The International Mycological Congress was held in July 2018 in San Juan, Puerto Rico. Graduate students from the Department of Ecology and Evolutionary Biology brought home prestigious prizes with Kevin Amses’ best talk award and Jill Myers’ best poster award.  

The title of Amses talk was “scgid: a bioinformatic tool for scaffold binning and genome prediction from single-cell genomic sequencing libraries.”

“Single-cell genomics (SCG) facilitates genome sequencing of organisms which cannot be grown in pure culture in the lab (uncultured organisms),” Amses explained. “In contrast to traditional whole genome sequencing, which takes large amounts of cells as input, SCG only requires one to a few cells to capture the genome sequence for an organism. Unfortunately, the method by which this is made possible results in uneven sequencing and an increased effect of contamination. These uneven and contaminated ‘metagenomes’ (sequencing libraries containing more than one organism), need to be filtered in order to separate the genome that we set out to sequence in the first place from the noise.
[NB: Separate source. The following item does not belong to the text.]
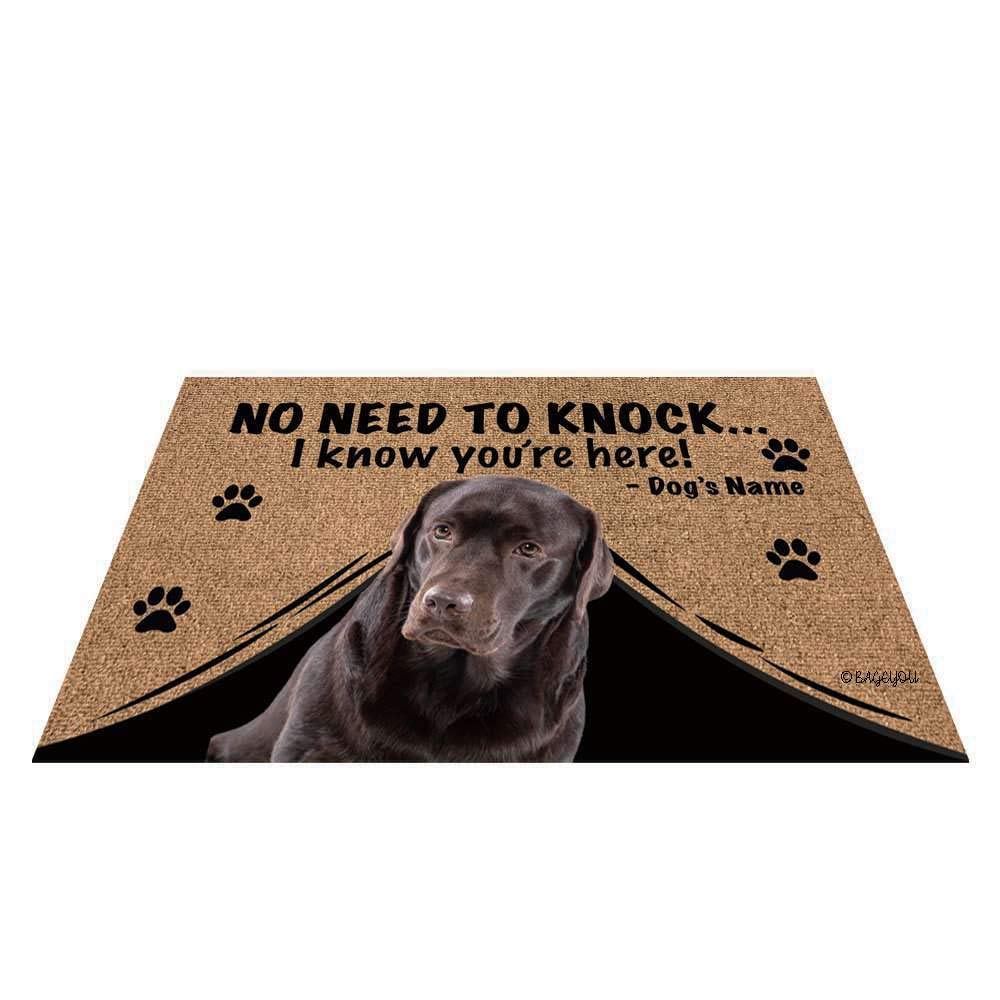 Personalized Dog Name Doormat - Custom Labrador Welcome Mat with 'No Need to Knock' Message - 27.5 x 17.7 Inch Non-Slip Outdoor Entry Rug - Perfect for Pet Lovers Home Entrance Decor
“Although there are plenty of ‘binning’ methods out there that aim to do just that, it quickly became obvious that they can produce very different results. To correct for this, we developed scgid, an automated algorithm that combines the outcomes of different binning methods to yield a final, consensus-based genome draft. I presented on scgid’s methodology, its treatment of five single-cell genomes of early-diverging fungal predators generated in our lab, and one confirmatory case-study where scgid successfully recapitulated a hand-curated filtering regimen.”

Jill Myers presenting her poster at the IMC.
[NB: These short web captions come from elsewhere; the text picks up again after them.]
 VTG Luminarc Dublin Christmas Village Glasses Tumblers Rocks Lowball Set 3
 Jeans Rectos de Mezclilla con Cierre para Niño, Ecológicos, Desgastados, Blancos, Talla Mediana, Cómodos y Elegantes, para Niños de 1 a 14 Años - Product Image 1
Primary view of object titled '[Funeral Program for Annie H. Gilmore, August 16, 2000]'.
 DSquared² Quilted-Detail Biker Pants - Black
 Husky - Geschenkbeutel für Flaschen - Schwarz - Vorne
Myers presented a poster titled “Mycovirus diversity in Kingdom Fungi reveals host-switching.” Shockingly little is known about fungal viruses generally, and the little we do know is restricted to viruses in fungi representing only a small portion of the fungal tree of life,” said Myers. “In this project, I wanted to know whether viruses exist throughout the entire fungal kingdom – whether I could find them and whether I could develop new methods to sequence them. I did. I used these new data to test hypotheses of coevolution. 
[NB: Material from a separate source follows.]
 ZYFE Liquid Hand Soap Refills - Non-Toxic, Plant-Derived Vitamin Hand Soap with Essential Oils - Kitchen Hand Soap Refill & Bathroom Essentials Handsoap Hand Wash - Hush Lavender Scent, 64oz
“Fungal viruses are pretty special in that they are thought to be almost entirely vertically-transmitted, and thus be highly species-specific. Including my new data with other known mycoviruses changes that story a bit, since I demonstrated that at some point(s) in history viral host-switches have happened. This begs more research into viral transmission in fungi. Host-switching, when a pathogen ‘jumps’ to infect a naïve species, is one avenue for disease outbreak. I want to continue to explore this topic of host-switching to understand the effects on fungal and viral evolution.”